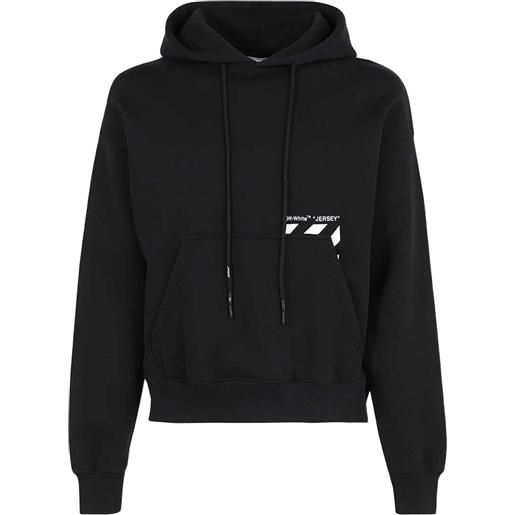 Off-White felpa con tasca e cappuccio - nero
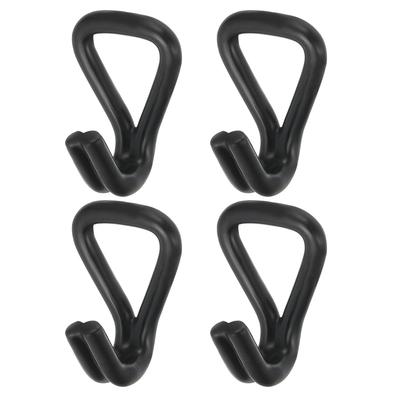 PATIKIL 4pcs Ratchet Double J Hook Load 5511 LBS 8.7mm Tie Down Strap Webbing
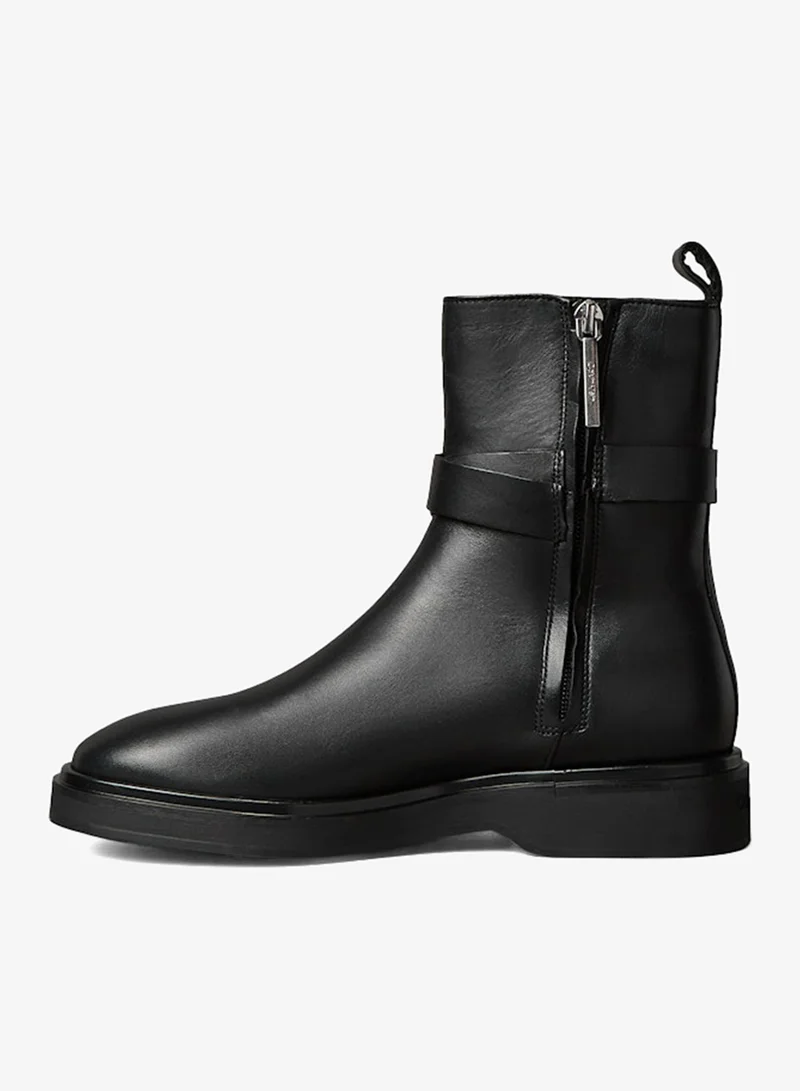 CALVIN KLEIN Metal Logo Ankle Boots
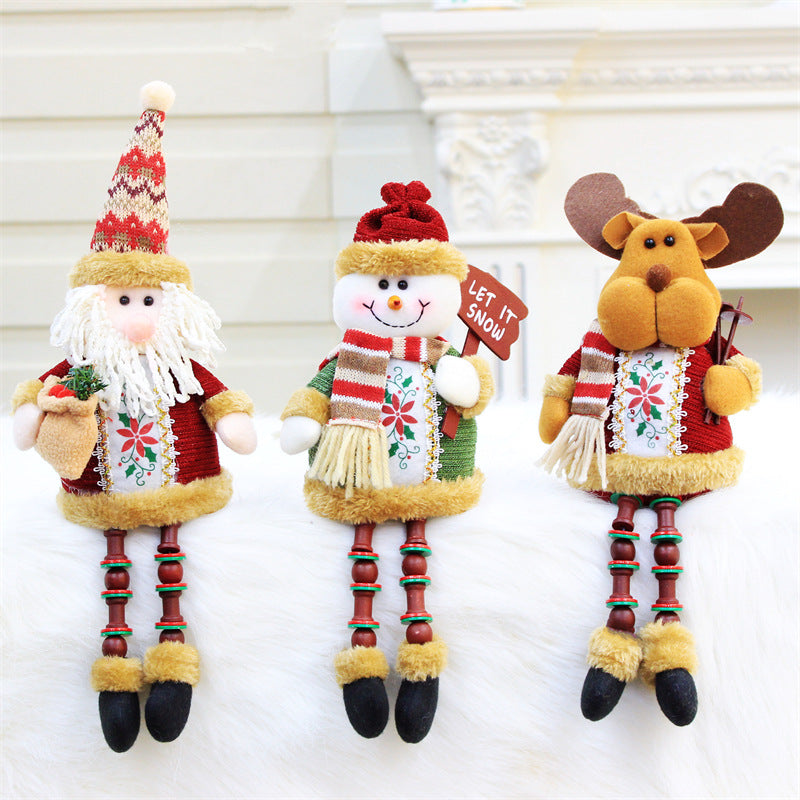 Cute Christmas Decoration Santa Claus Elk Santa Doll Christmas Ornaments Supplies New Year Home Decor Kid Gifts Navidad Natal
──────
[WORK INSTRUCTIONS]
Copy out all the data exactly; skip the pictures.

[SOLUTION TO THIS EXERCISE]
 Off-White felpa con tasca e cappuccio - nero
 PATIKIL 4pcs Ratchet Double J Hook Load 5511 LBS 8.7mm Tie Down Strap Webbing
 CALVIN KLEIN Metal Logo Ankle Boots
 Cute Christmas Decoration Santa Claus Elk Santa Doll Christmas Ornaments Supplies New Year Home Decor Kid Gifts Navidad Natal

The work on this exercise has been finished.